_What you are asked to do_
Span requested from the data below: the line with "DJ TIKTOK TERBARU" through the line with "Integrantes del Grupo", both included. Give only these lines again, exactly, and leave every picture out.

_Material supplied_
--- --- ---
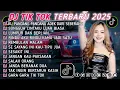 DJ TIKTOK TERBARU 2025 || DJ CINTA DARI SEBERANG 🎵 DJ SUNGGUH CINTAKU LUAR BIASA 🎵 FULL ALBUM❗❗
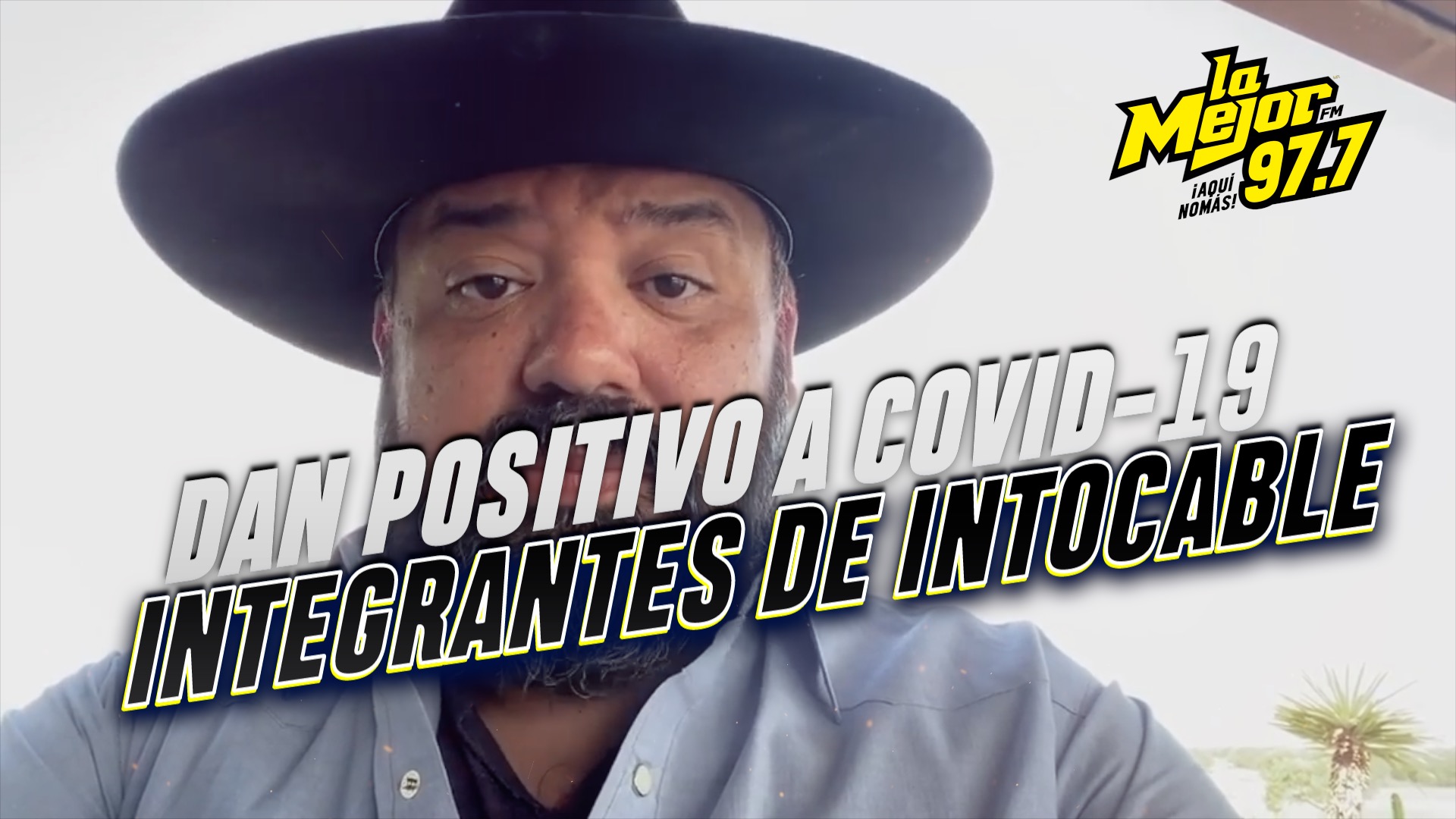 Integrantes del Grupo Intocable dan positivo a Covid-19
--- --- ---
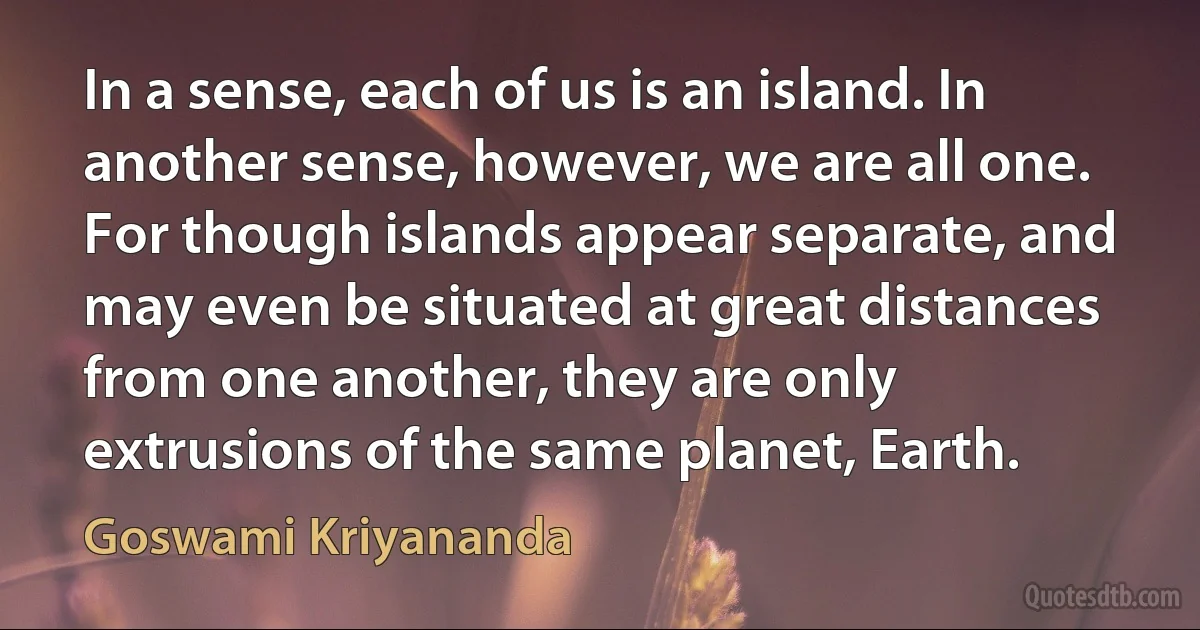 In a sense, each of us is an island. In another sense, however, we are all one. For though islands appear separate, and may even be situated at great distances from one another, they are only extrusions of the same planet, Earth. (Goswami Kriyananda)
--- --- ---
_Expected answer_
 DJ TIKTOK TERBARU 2025 || DJ CINTA DARI SEBERANG 🎵 DJ SUNGGUH CINTAKU LUAR BIASA 🎵 FULL ALBUM❗❗
 Integrantes del Grupo Intocable dan positivo a Covid-19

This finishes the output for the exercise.